Among western Germans, or "Wessis," there is a widespread view that without the east, Angela Merkel's conservatives would have swept to victory in Sept. 18 elections which instead produced deadlock, said the conservative newspaper Die Welt.
This led to an unseemly -- and still undecided -- struggle for power after voters failed to give a majority to either Chancellor Gerhard Schroeder's center-left Social Democratic-Greens government or to Merkel's center-right bloc.
"That's what you get if you pump 1.5 trillion euros [US$1.8 trillion] into a region where public opinion is dominated by pensioners socialized by the communist party's youth movement," said the commentary, which was only partly tongue in cheek.

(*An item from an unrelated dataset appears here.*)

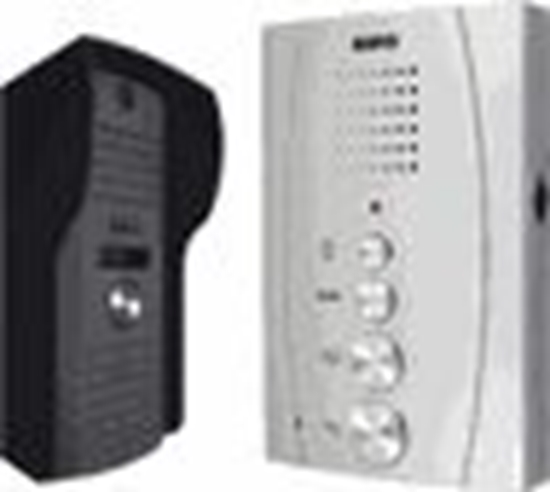 Picture of Eura Domofon EURA ADP-13A3 ''INVITO" gonomówicy, bezsuchawkowy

The sum of money transferred from western Germany to eastern Germany is indeed staggering. In recent years the total amount of net annual transfers has fallen to over 80 billion euros.
Nobody denies these funds have been vital in transforming the region's rotting infrastructure by giving it a cutting edge telecoms system, thousands of miles of new roads and rail lines as well as beautifully restored old cities.
But the eastern economy still cannot support itself and massive amounts of cash will have to be pumped into the region for at least another 15 years, officials admit.
Eastern German unemployment is over 18 percent, almost double the rate in western Germany, and much of the region remains the nation's poorhouse.
There are, however, some big exceptions. Leipzig has new BMW and Porsche plants, and the city's airport is set to become the European hub for air freight giant DHL.
Dresden has drawn billions of euros in chip factory investment from the US chipmaker AMD. Meanwhile, the Baltic Sea coast of Mecklenburg-West Pommerania is booming as a tourist destination.
But overall, the region has lost a net 1.5 million people during the past 15 years with many eastern Germans moving to take jobs in the wealthy western states of Bavaria and Baden-Wuerttemberg.
Given east-west economic differences it is perhaps not surprising voters cast ballots differently in both parts of the country. But what few people expected is that diverging political patterns would be getting more extreme after 15 years of unity.
The best example is that of the former East German communists who merged with a smaller western protest group and now call themselves the Left Party.
Left Party candidates won over a stunning 25 percent in the east, compared to 4.9 percent in the west in the general election.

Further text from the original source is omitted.